RE binding can also be impacted by way of the following example. A single nucleotide polymorphism (SNP) in the promoter of the VEGF receptor gene (FLT1) generates a half-site p53 response element (RE) that results in p53 responsiveness of the promoter. Transcriptional regulation required an Estrogen Receptor half site response element (ERE) 225 nucleotides upstream.

RE regulation is also evident in the GCGTG core AhR RE invoked by Dioxin. From 48 sequenced samples of two different tumors, Codondex identified 9 unique Key Sequences (KS) of the TP53 Consensus that contained the core AhR 5′-GCGTG-3′ binding sequence, including some that overlapped p53 RE quarter binding sites (underlined) as illustrated below;

(TP53 intron1) GGATAGGAGTTCCAGACCAGCGTGGCCA   TP53 [1706,1710], AhR [1699,1726]

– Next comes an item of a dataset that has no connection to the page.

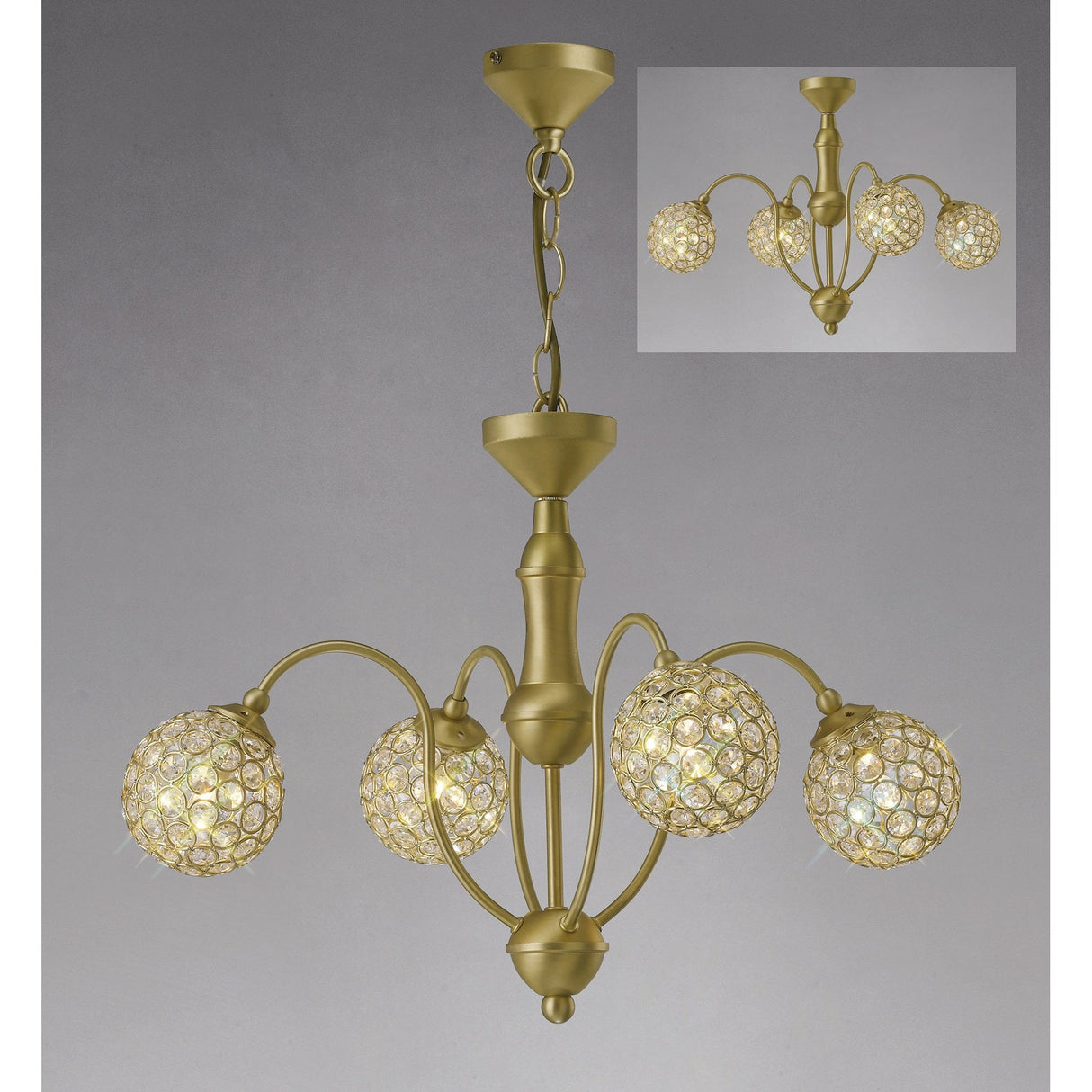 Apollo 4-Light Satin Brass Crystal Pendant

(TP53 intron1) AAAAATTAGCTGGGCGTGGTGGGTGCCT  AhR [1760,1787], TP53 [1783,1787]

Subject to the torsional staging at p53 RE's the implication is that nuclear relocation of AhR, by dioxins, to bind AhR RE's may also influence TP53 transcription especially at overlapping or proximal p53 RE's. p53 binding the TP53 promoter can also invoke an autoregulation that, in addition to torsional flexibility, is also sensitive to dosage and autoregulation at the TP53 P2 internal promoter. 

Under normal conditions TP53 is infrequently translated and p53 levels remain in steady state, but Under certain epigenetic conditions auto and other forms of  p53 regulation begin to impact its massive regulatory network widely affecting cellular function. p53 can also autoregulate transcription while Tp53 is being transcribed. In these situations TP53 could open to p53 binding because of the active cycle of p53 translation (subject to its degradation and with positive nucleation signals) at particular RE's. 

These conserved mechanisms to restrain retrotransposons and order p53's binding priority at RE's provide insight to the refined nature of gene stability and transcription. However, gene transcription is often imperfect in co-operation or competition with other nearby genes and proteins that affect predicted outcomes.